Gadgets 360 spoke to Vitaly Kamluk, Principal Security Researcher at Kaspersky Lab, who discussed Kaspersky's predictions for the global security landscape in 2016. Here they are:
Ransomware is a relative new online phenomenon, where the victims are locked out of their devices, unless they pay a ransom to the attacker. Since most users don't back up their devices, many agree to pay to get access to their important data. It a lot more appealing to attackers as well, since the payout is immediate, especially when compared to traditional attacks where they had to steal financial information and then use it to gain access to the money.
According to Kamluk, the amounts involved in ransomware attacks are usually not too huge, and users are also less likely to report such cases, which decreases the possibility of attracting attention from government authorities. As a result, he sees ransomware attacks getting really popular in 2016.
Mobile ransomware is already a reality and Kamluk believes it will be one of the biggest trends in 2016, with users being locked out of their mobiles unless they pay up the ransom. According to Sergey Lozhkin, Senior Security Researcher at Kaspersky, 98 percent of all current mobile malware targets Android, which should tell you which set of users needs to worry the most about this trend.
OS X could also be another target in 2016, and Kamluk believes attackers see Mac users as more affluent, so they could be asked to pay bigger ransoms than their PC counterparts. IoT ransomware will also be on the rise, and it's hard to disagree with Kamluk on this one - we'd hate to be locked out of our Internet-connected refrigerator, and will happily pay up whatever is necessary to get our hands on the pizza inside come meal time.

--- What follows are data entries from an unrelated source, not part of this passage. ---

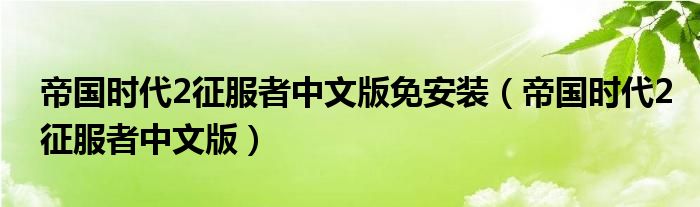 帝国时代2征服者中文版免安装（帝国时代2征服者中文版）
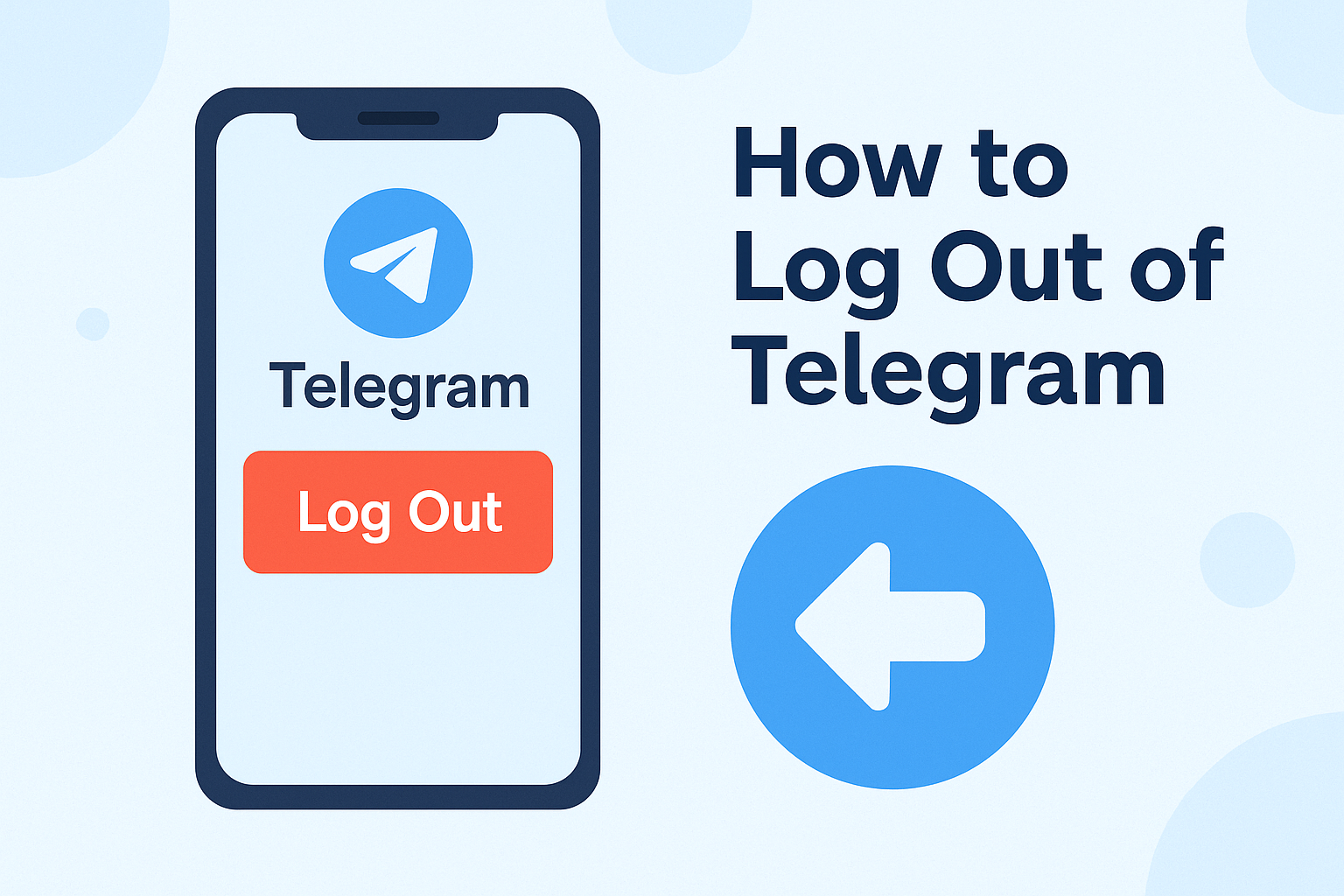 How to Log Out of Telegram: Complete Guide for Android, Desktop, Web, and PC Users
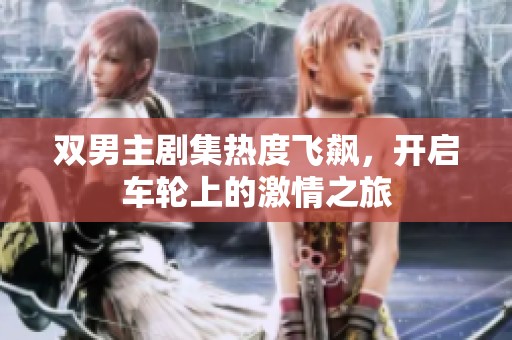 双男主剧集热度飞飙，开启车轮上的激情之旅
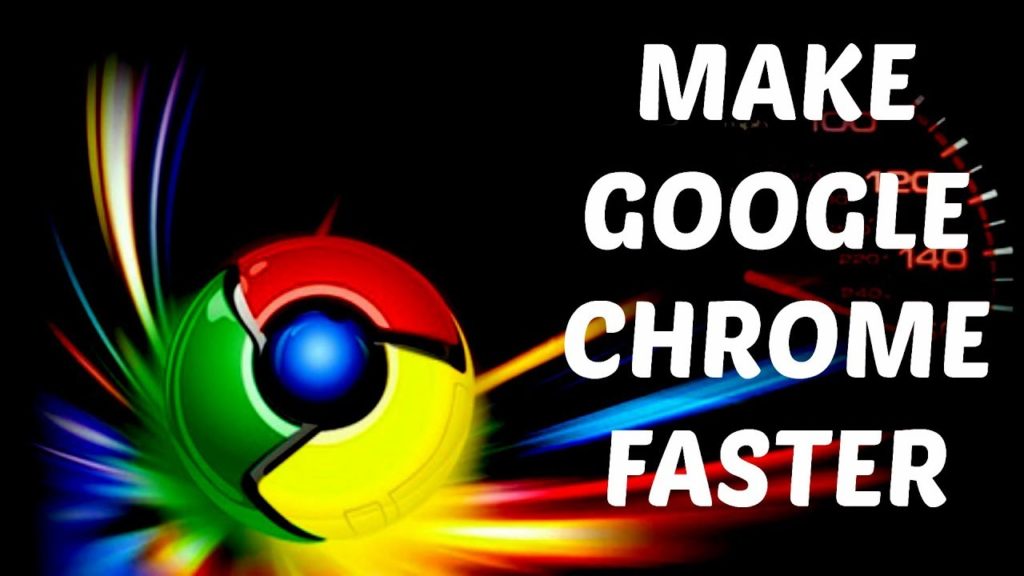 Best Steps For Boosting The Speed Of Google Chrome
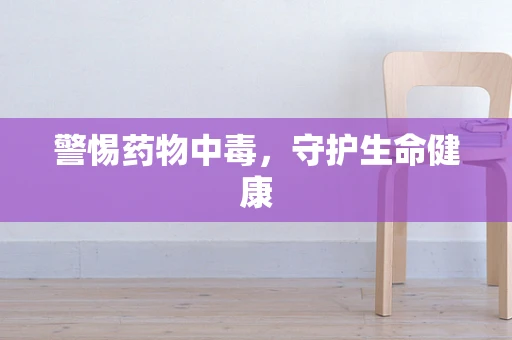 警惕药物中毒，守护生命健康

2) Attacks on researchers and developers
Kamluk believes researchers will be one of the top targets in 2016, as attackers will try to compromise popular tools used for reverse engineering, virtualisation, debugging, and even various PGP implementation themselves. Code repositories like Github and other channels frequented by developers could be another popular target as a way of injecting code into the entire ecosystem. This means we could see more XcodeGhost-like incidents in 2016.
3) Financial attacks
Kamluk hinted that payment systems like Apple Pay and Android Pay are on the radar of hackers and the next big attack could be used to exploit one of more of these systems. He admitted that the company predicated the same for 2015, and as these systems become deployed in more markets, the probability of such an attack increases.
4) Abuse of trust
One of the biggest threats in 2016 will come from the comprise of websites that consumers implicitly trust, for example the Intranet or Sharepoint, which are used to share information within a company.
5) Extortion and shaming
According to Kamluk, 2016 will see more cyber-extortion and shaming attacks similar to this year's Ashley Madison case.
6) The end of APT
This one is for those who track security trends rather closely. Kamluk believes the Advance Persistent Threats - or ATPs as they are known in the security world - will see a decline in 2016. However, don't go celebrating just yet, as Kaspersky sees newer memory-resident or file-less malware replacing them, which will be even harder to detect.
Disclosure: Kaspersky Lab sponsored the correspondent's flights and accommodation for the event in Malaysia.